#### Work to be completed
Up to and including the line that contains "Foto gratuita uomo", repeat the entries below exactly from the first line on. Do not carry over any pictures.

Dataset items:
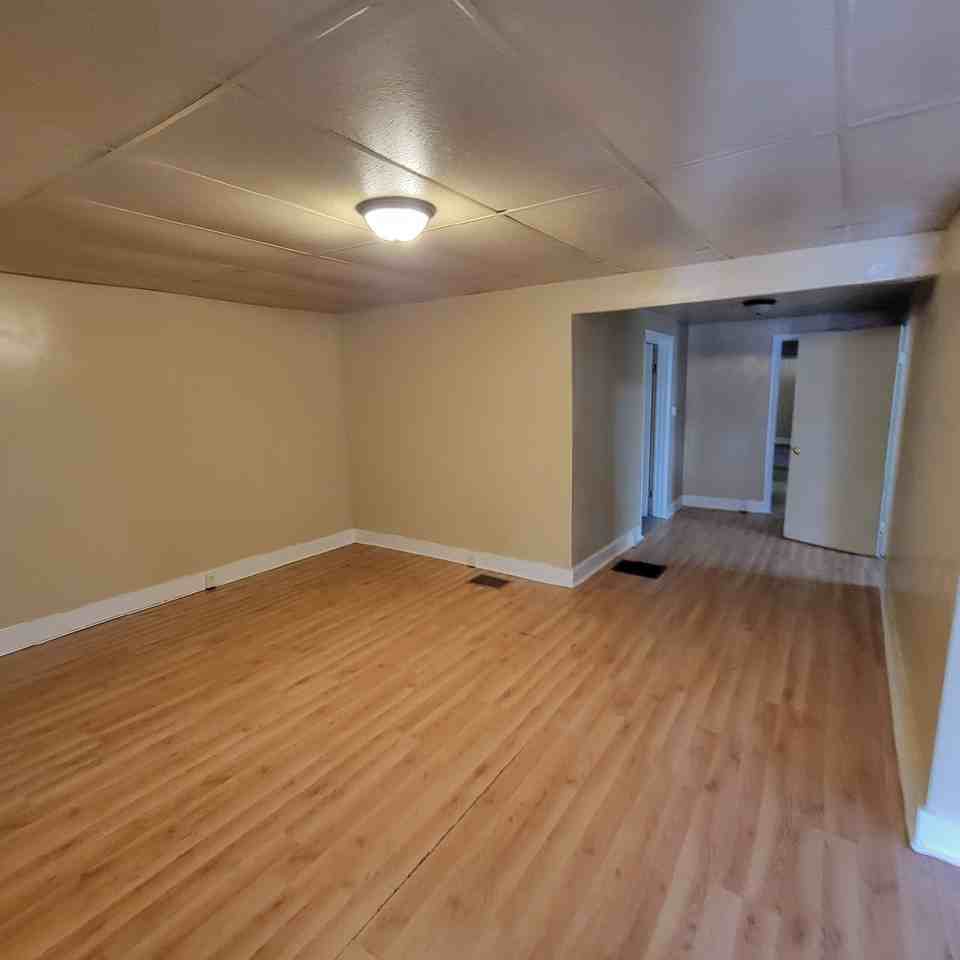 1102 S Illinois St - Photo 2 of 8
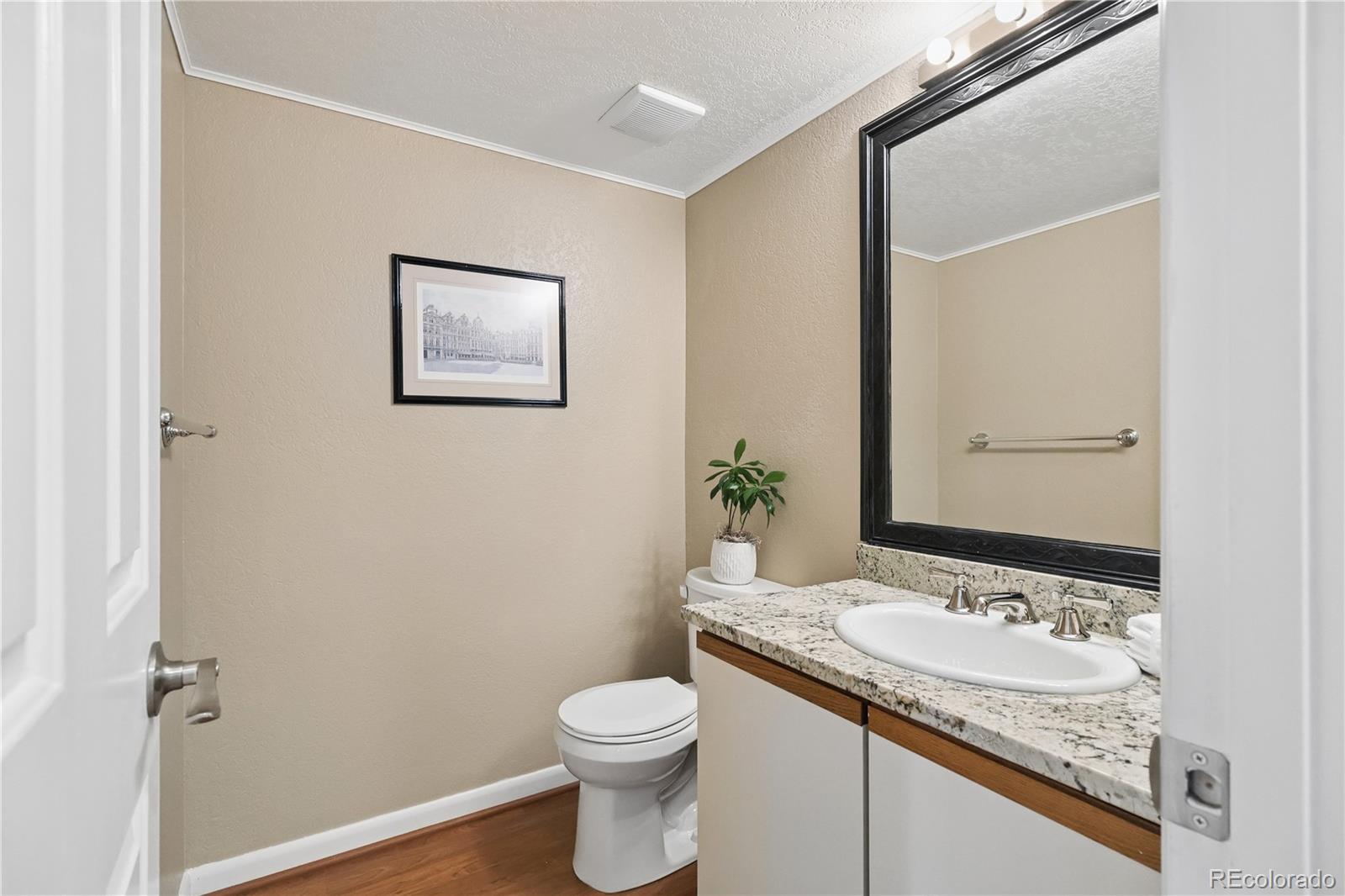 MLS Image #12 for 2290 s yosemite circle,denver, Colorado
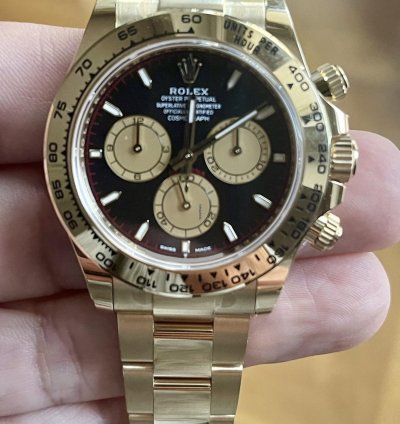 Rolex Daytona Cosmograph Daytona 126508 Yellow Gold Black Dial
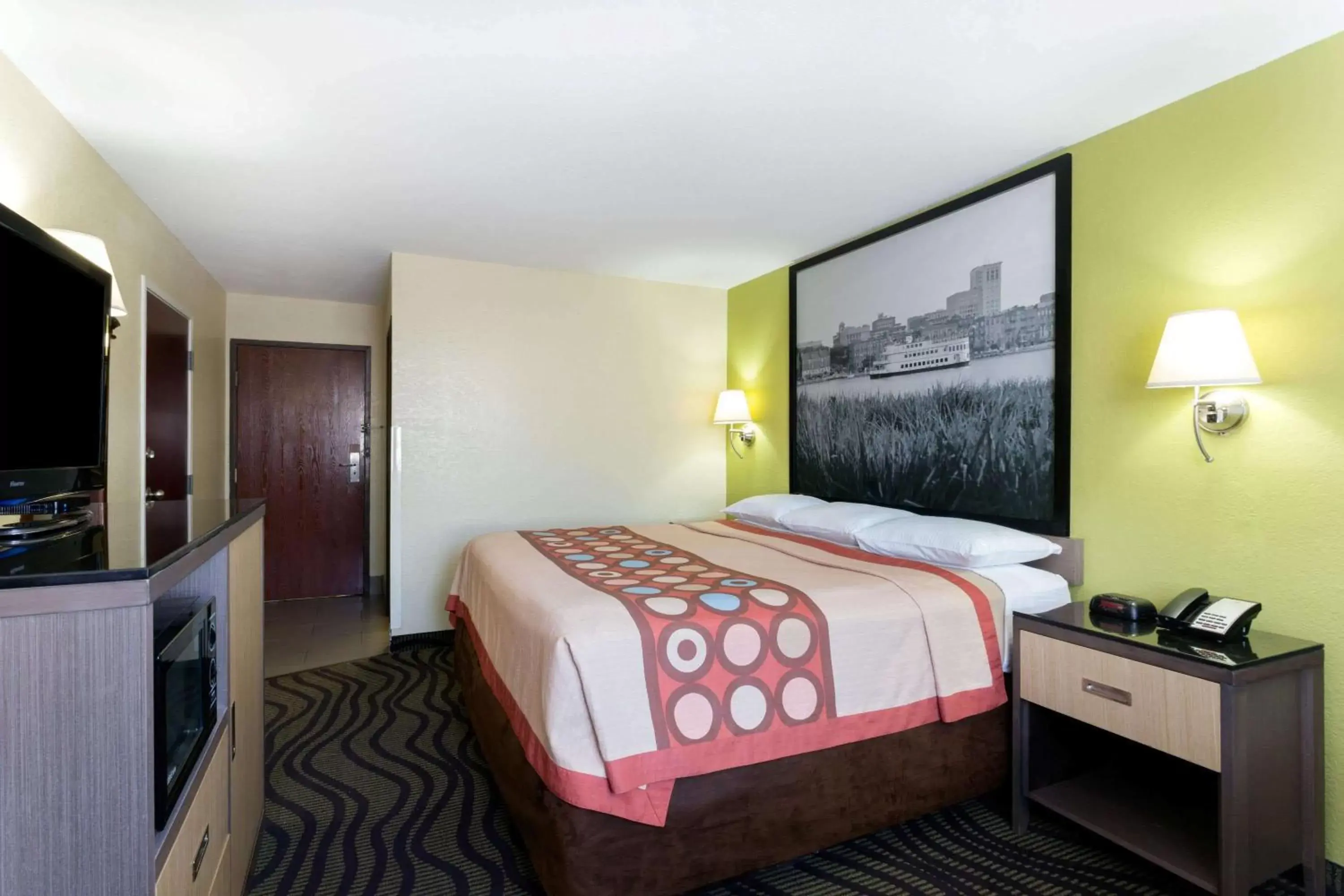 Photo of the whole room, Bed in Super 8 by Wyndham Brunswick/St Simons Island Area Photo of the whole room, Bed in Super 8 by Wyndham Brunswick/St Simons Island Area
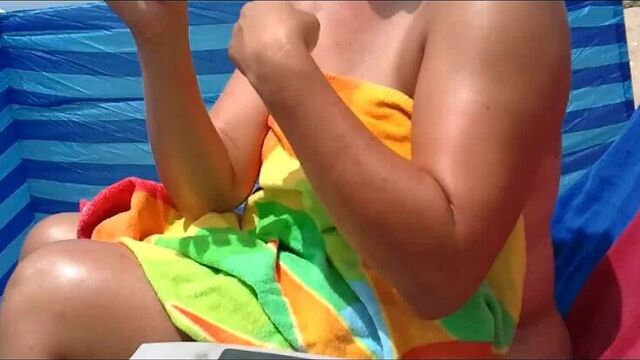 Plajda erkeğini boşaltıyor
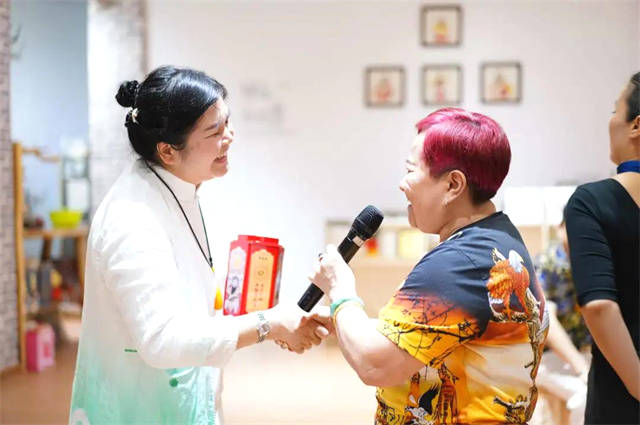 有关于十八罗汉欢聚会-荣昌号520母亲节纪念活动的热门消息(31)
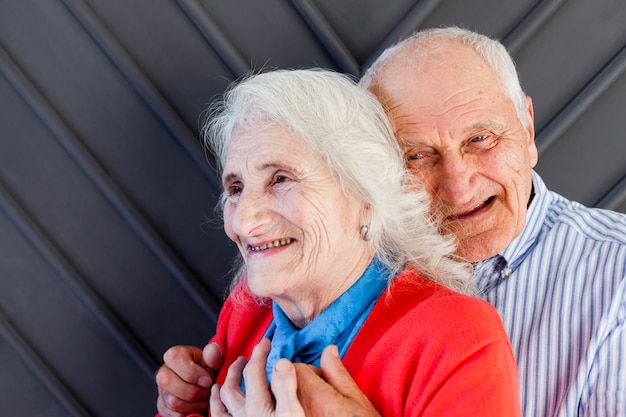 Foto gratuita uomo senior che abbraccia donna anziana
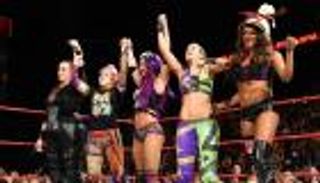 بايلي تحسم نزالا ثلاثيا وتنضم إلى فريق "رو" للسيدات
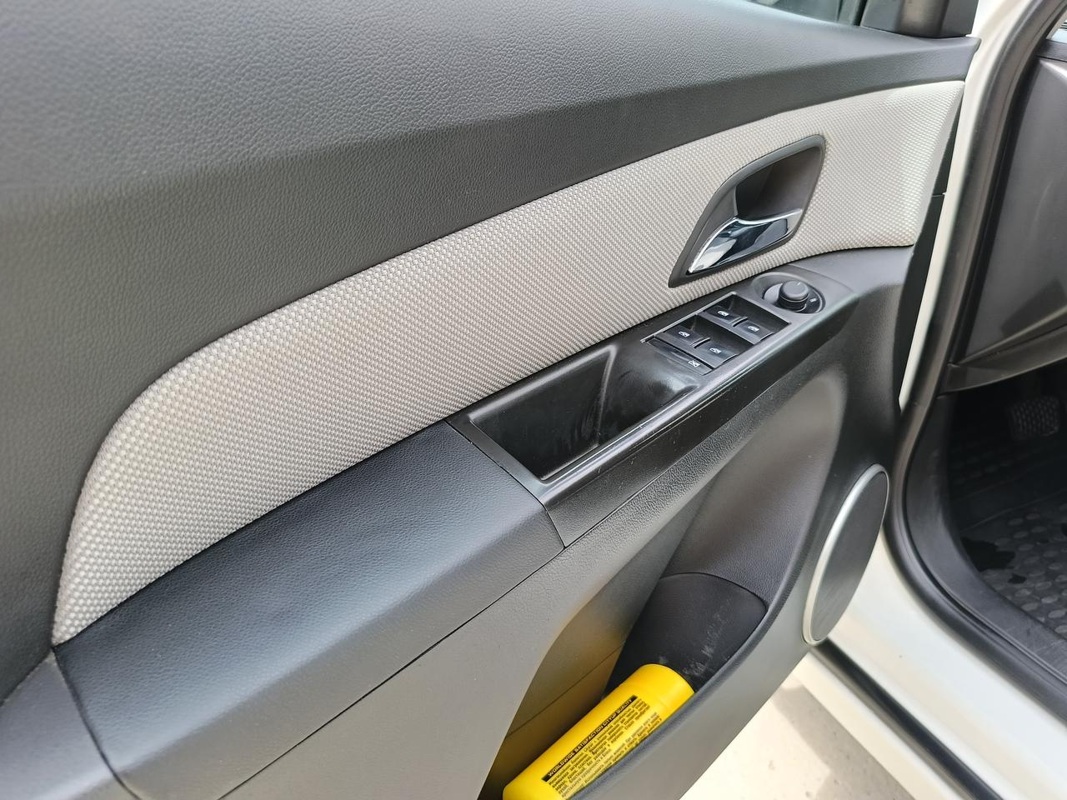 Chevrolet, Cruze, 2011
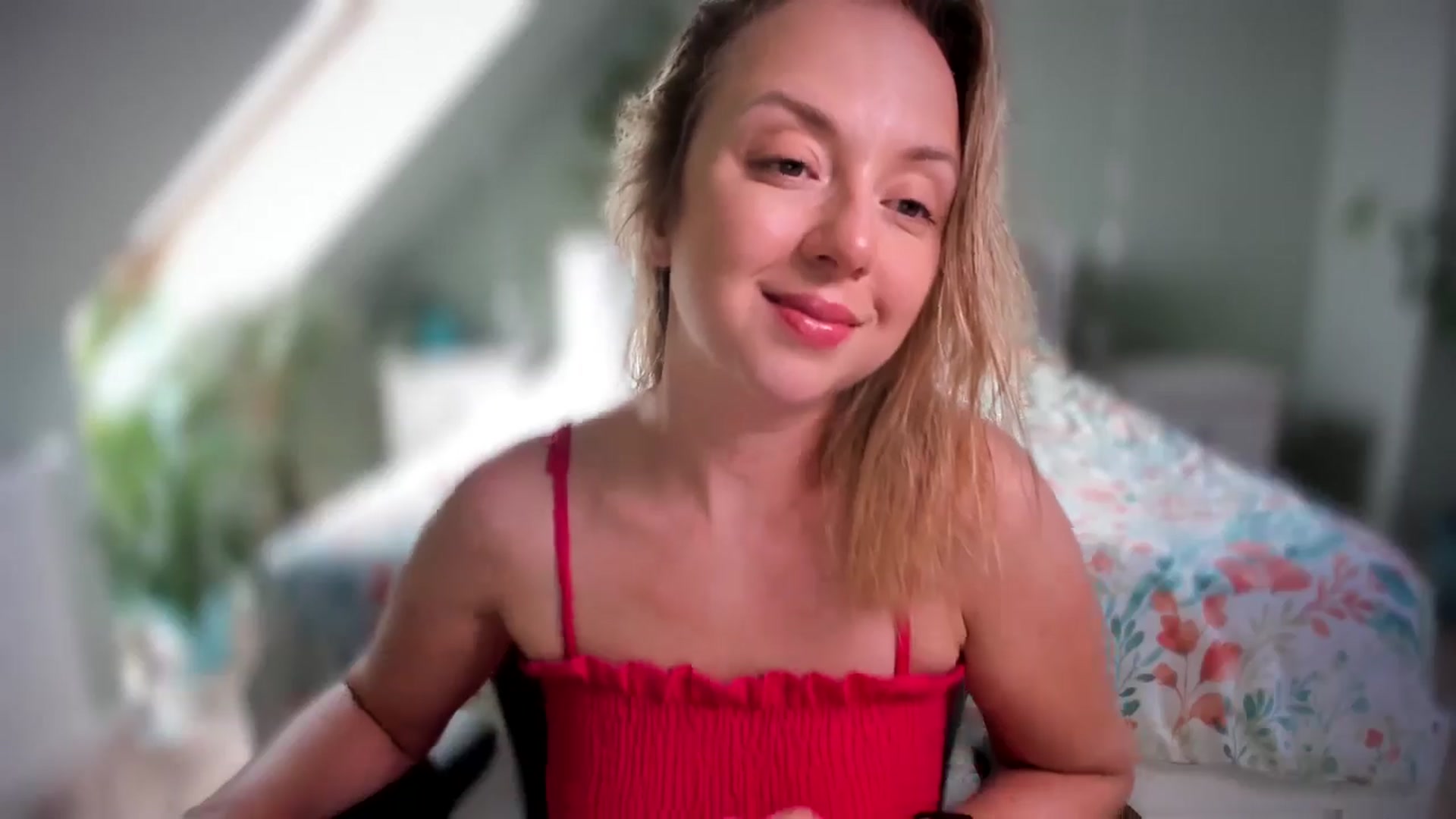 Gallery image thumbnail from AliceSmiley's myfreecams stream on, 08/30/2024, 09:38 image 10 of 20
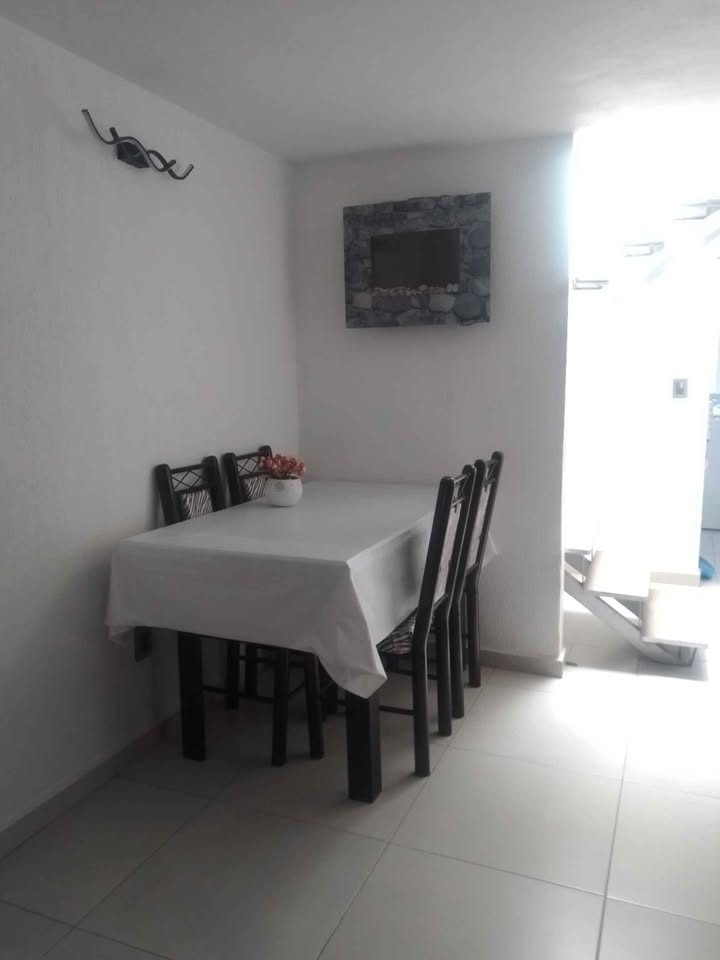 2 habitaciones 1 baño - Casa 2
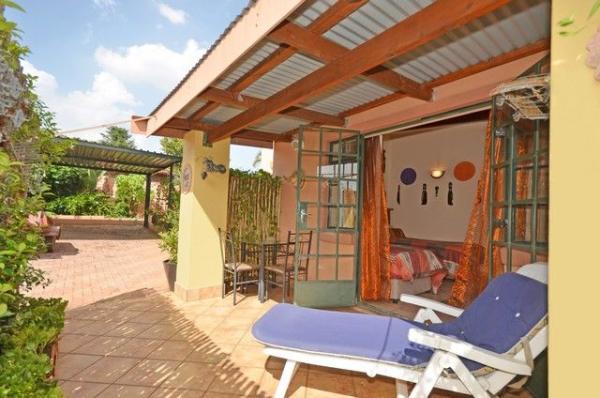 Room 4-Patio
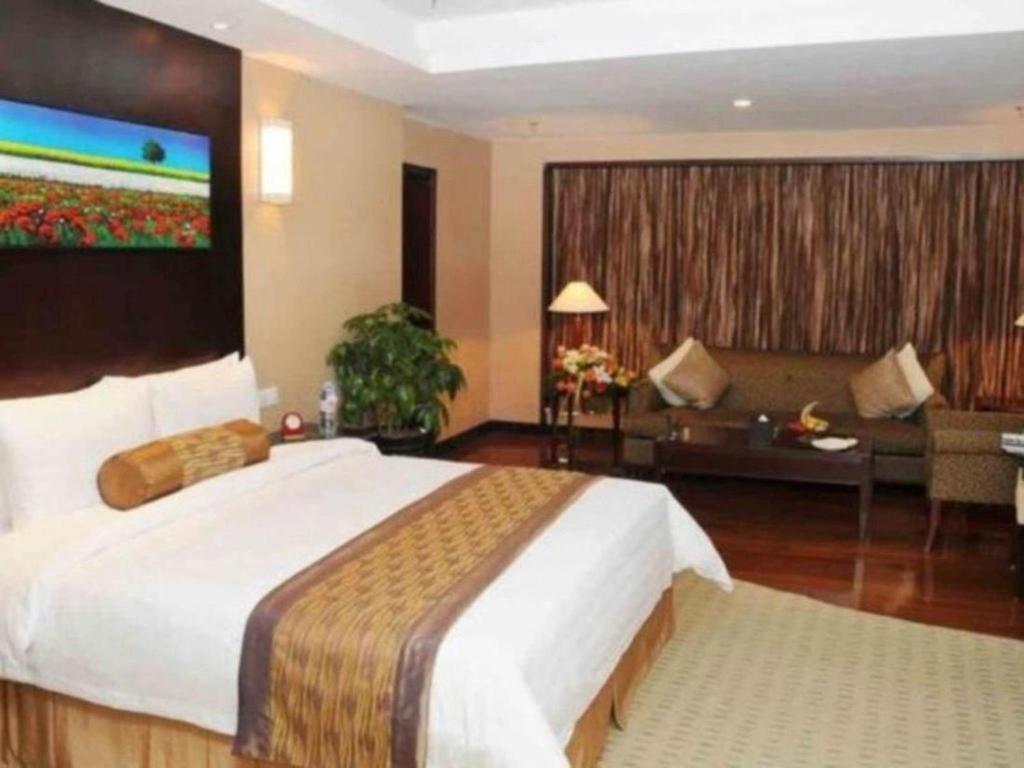 Qingdao Blue Horizon Hotel Laoshan Exterior photo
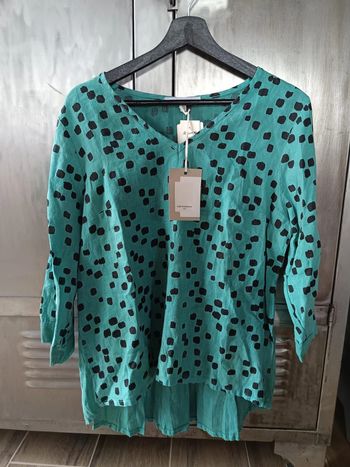 Blouse ¾ La fée maraboutée turquoise/verte à pois noirs taille 40 neuf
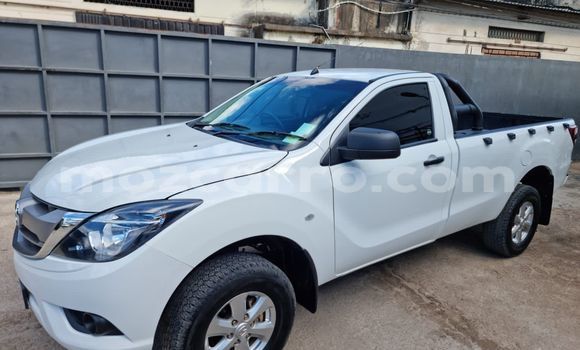 Buy Used Mazda BT-50 White Car in Maputo in Maputo Buy Used Mazda BT-50 White Car in Maputo in Maputo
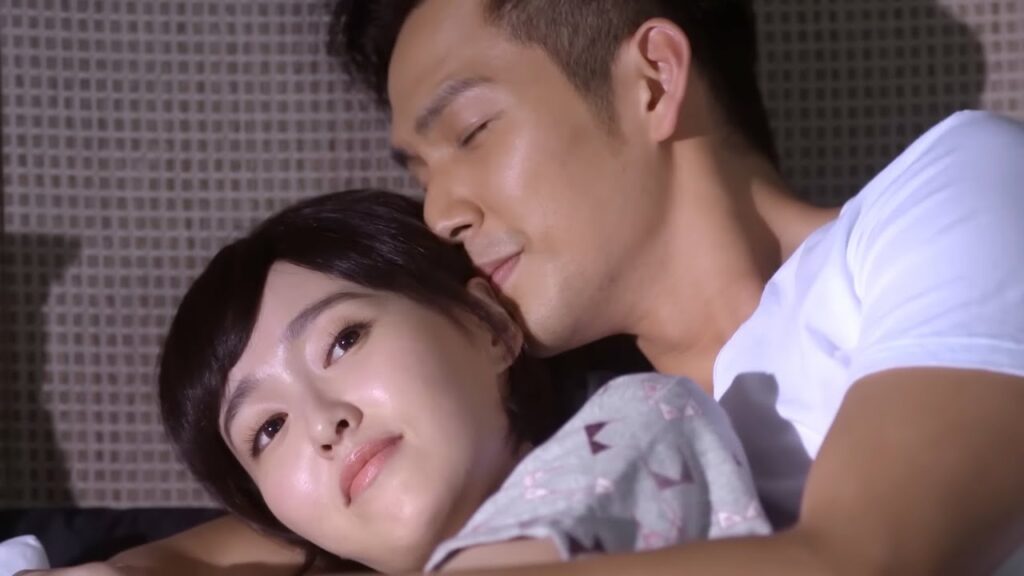 أخيرا يكمل الحبيبين زواجهما وتخبره بكل شيء عن حياتها بعد انفصالهما ليعرف أنه ظلمها! مشهد من إشراقتي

#### Reply to the exercise
 1102 S Illinois St - Photo 2 of 8
 MLS Image #12 for 2290 s yosemite circle,denver, Colorado
 Rolex Daytona Cosmograph Daytona 126508 Yellow Gold Black Dial
 Photo of the whole room, Bed in Super 8 by Wyndham Brunswick/St Simons Island Area Photo of the whole room, Bed in Super 8 by Wyndham Brunswick/St Simons Island Area
 Plajda erkeğini boşaltıyor
 有关于十八罗汉欢聚会-荣昌号520母亲节纪念活动的热门消息(31)
 Foto gratuita uomo senior che abbraccia donna anziana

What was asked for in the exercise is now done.